##### SUPPLIED RECORDS #####

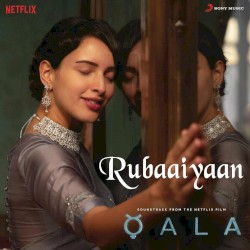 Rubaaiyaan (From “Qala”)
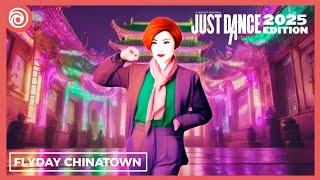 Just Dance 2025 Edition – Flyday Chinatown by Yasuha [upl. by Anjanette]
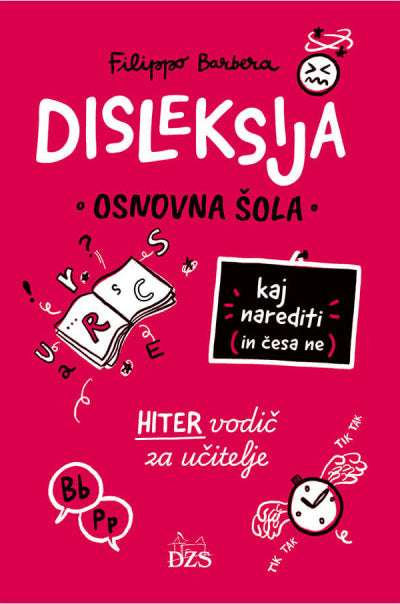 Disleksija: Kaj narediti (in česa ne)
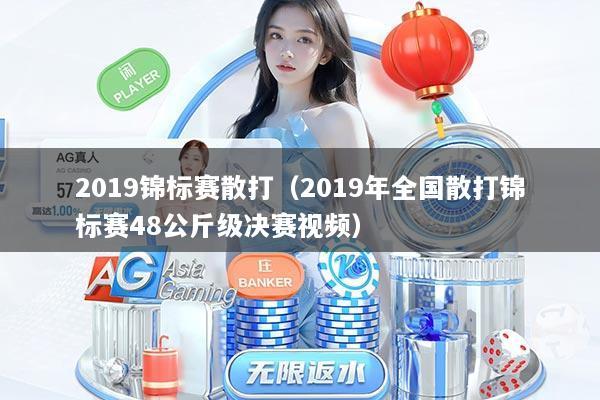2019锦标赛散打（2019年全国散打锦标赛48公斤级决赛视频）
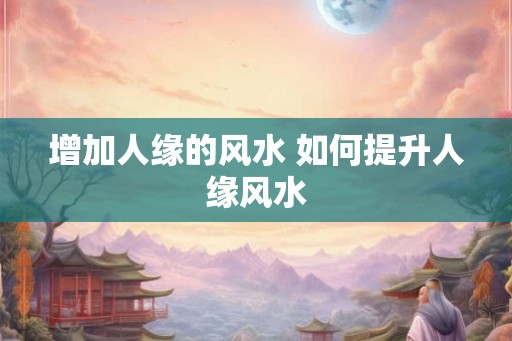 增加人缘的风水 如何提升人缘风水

#####

TASK BRIEF: Omit the pictures and write out the remaining data exactly.

RESPONSE BOX:
 Rubaaiyaan (From “Qala”)
 Just Dance 2025 Edition – Flyday Chinatown by Yasuha [upl. by Anjanette]
 Disleksija: Kaj narediti (in česa ne)
2019锦标赛散打（2019年全国散打锦标赛48公斤级决赛视频）
 增加人缘的风水 如何提升人缘风水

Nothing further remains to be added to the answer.